**Records from a data collection**
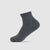 Eco Touch Dark Grey Socks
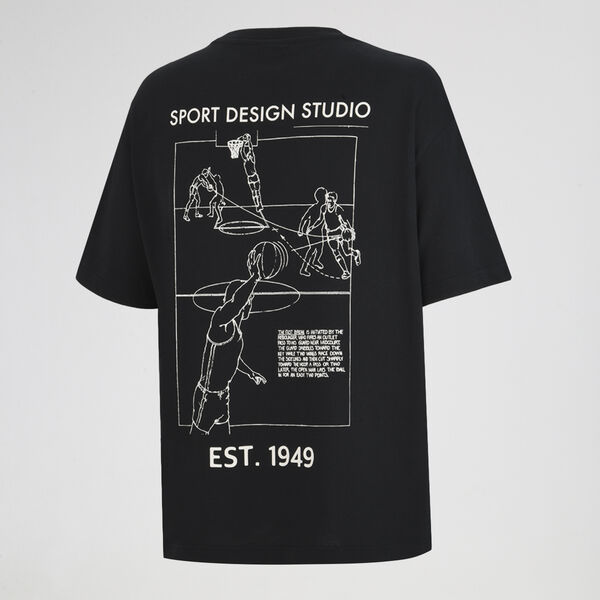 Remera adidas Sports Design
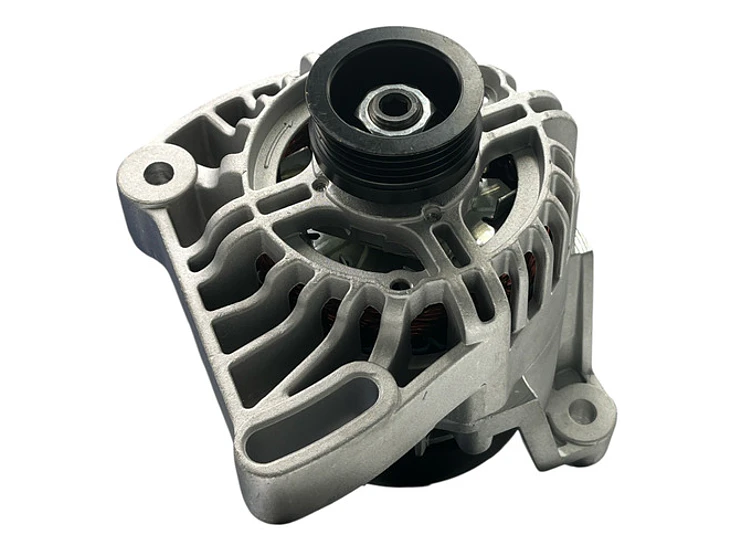 Alternador Para Fiat Fiorino Fire 1.3 2004-2014 3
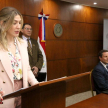 El acto fue registrado por la abogada María Rita Monges Dos Santos, secretaria de la Sala Civil y Comercial.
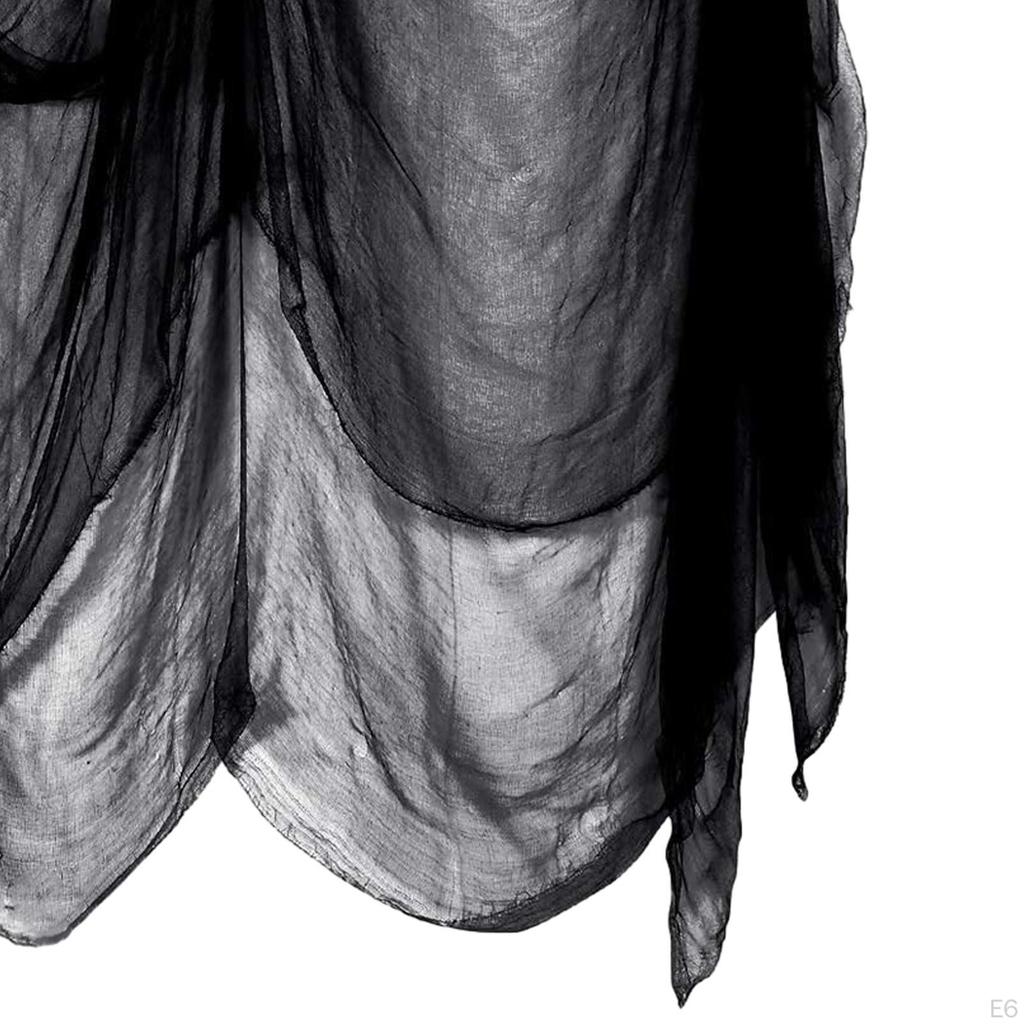 Halloween for Haunted House Decoration 84.65inchx177.17inch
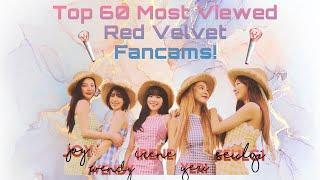 Top 60 Most Viewed Red Velvet Fancams!
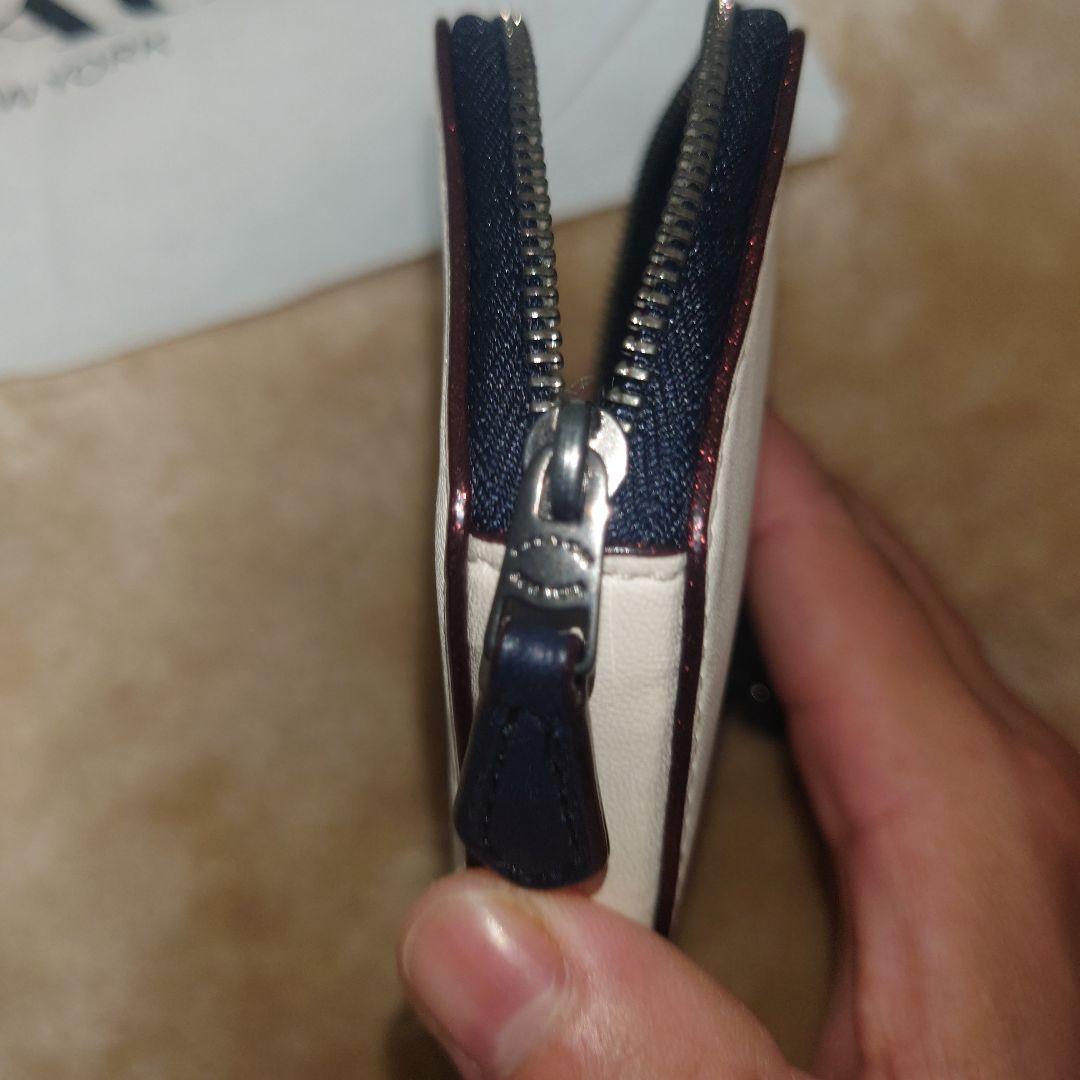 激レア✨【未使用】Coach コーチ スターウォーズ ケース 小銭入れ 白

**WHAT IS REQUIRED**
With the images excluded, all entries are to be given again exactly.

**ANSWER SECTION**
 Eco Touch Dark Grey Socks
 Remera adidas Sports Design
 Alternador Para Fiat Fiorino Fire 1.3 2004-2014 3
 El acto fue registrado por la abogada María Rita Monges Dos Santos, secretaria de la Sala Civil y Comercial.
 Halloween for Haunted House Decoration 84.65inchx177.17inch
 Top 60 Most Viewed Red Velvet Fancams!
 激レア✨【未使用】Coach コーチ スターウォーズ ケース 小銭入れ 白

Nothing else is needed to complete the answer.